Work to complete: From the line with "Cynthia Rowley Blue" down to the final line of the material, please transcribe everything exactly, but leave the pictures out.
%%
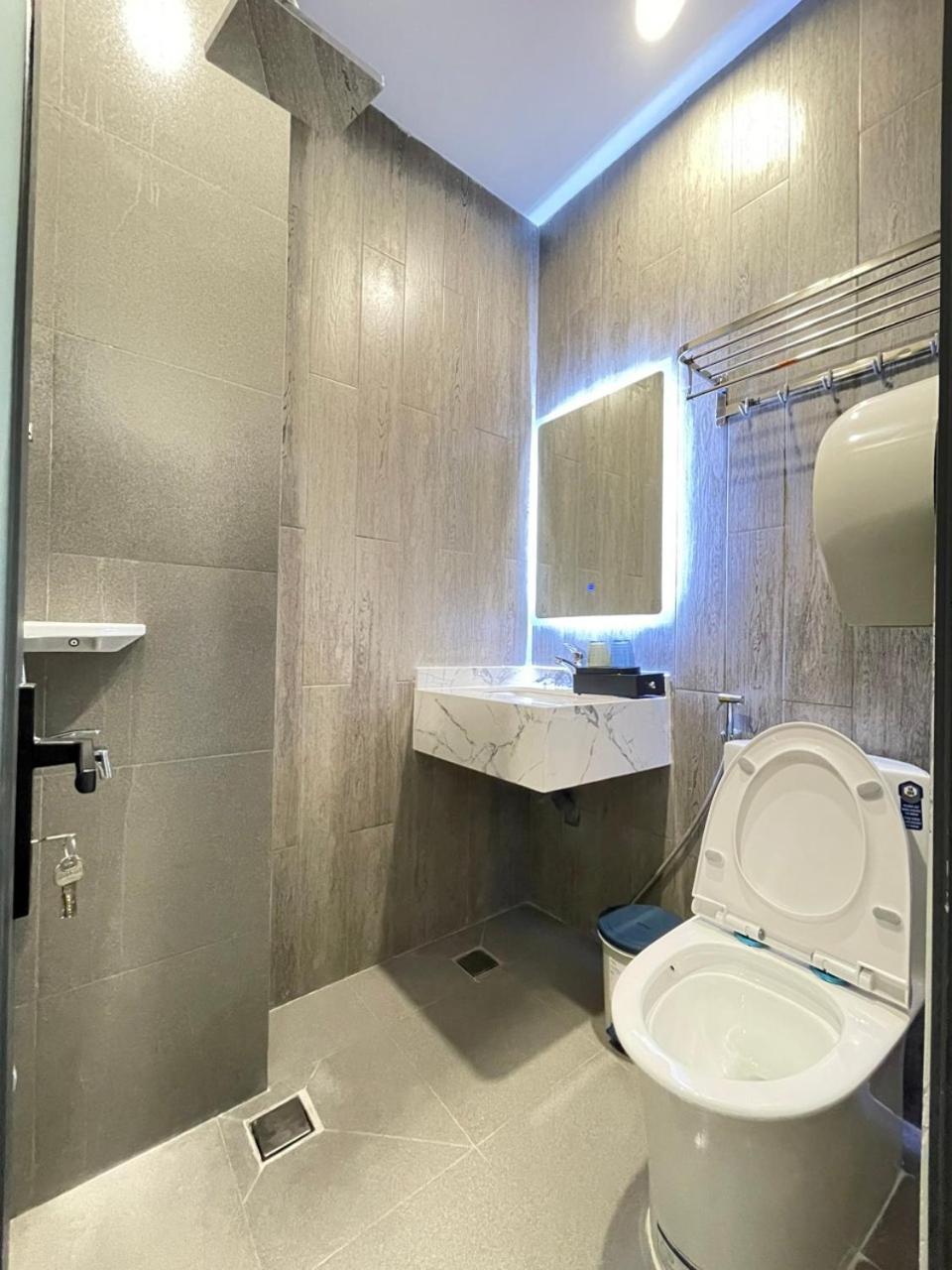Tay Ninh City Hotel Exterior photo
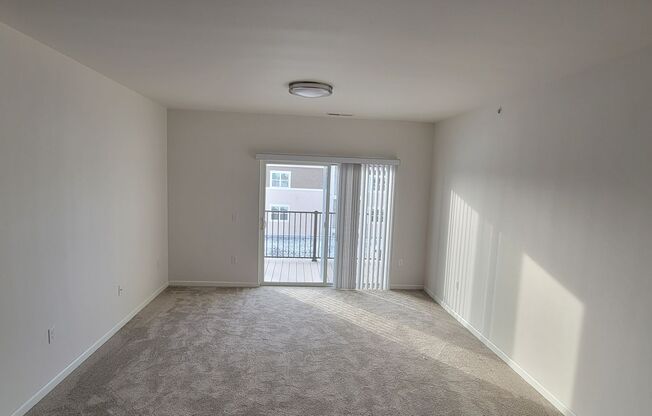 3 beds, 2 baths, 1,344 sqft, $1,665, Unit 336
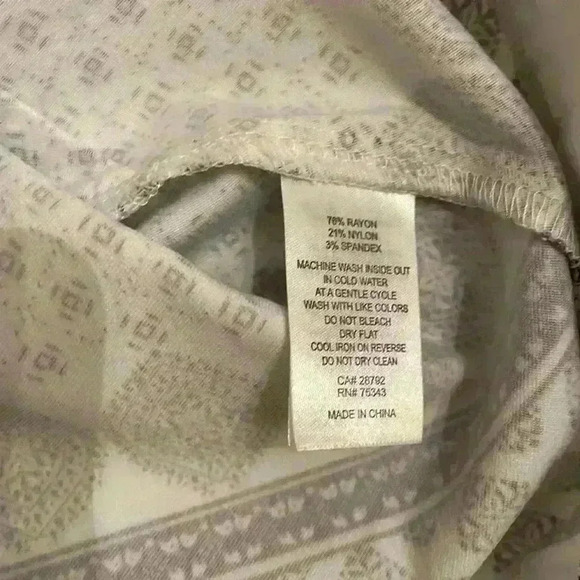 Cynthia Rowley Blue and White Zip Back Blouse Size Small - Picture 4 of 5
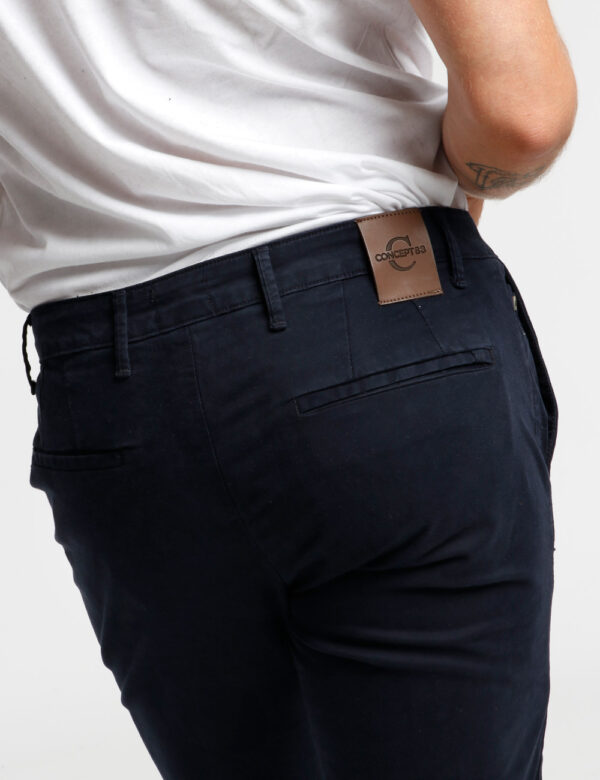 Pantalone Concept83 in cotone - Il modello indossa una taglia 48 ed è alto 186 cm e la vestibilità è streetwearDai stile all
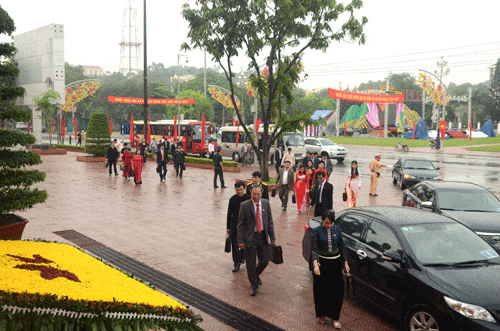 Khai mạc trọng thể Đại hội đại biểu Đảng bộ tỉnh Yên Bái lần thứ XVIII, nhiệm kỳ 2015 – 2020 ảnh 3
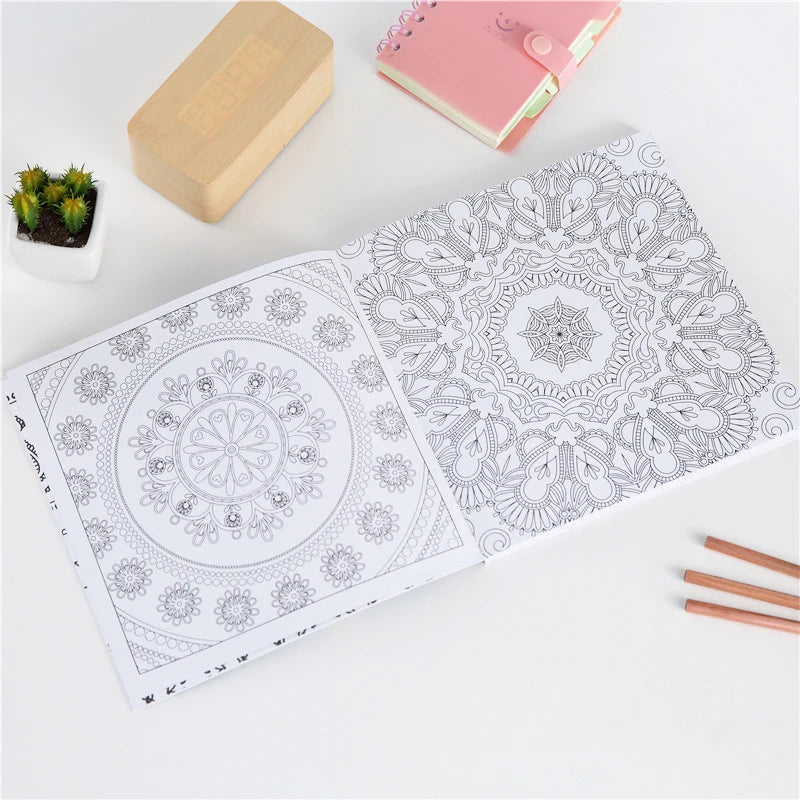 12 Crayons de couleur + livre de coloriage 128 Pages Zen Mandalas anti-Stress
%%
Answer box:
 Cynthia Rowley Blue and White Zip Back Blouse Size Small - Picture 4 of 5
 Pantalone Concept83 in cotone - Il modello indossa una taglia 48 ed è alto 186 cm e la vestibilità è streetwearDai stile all
 Khai mạc trọng thể Đại hội đại biểu Đảng bộ tỉnh Yên Bái lần thứ XVIII, nhiệm kỳ 2015 – 2020 ảnh 3
 12 Crayons de couleur + livre de coloriage 128 Pages Zen Mandalas anti-Stress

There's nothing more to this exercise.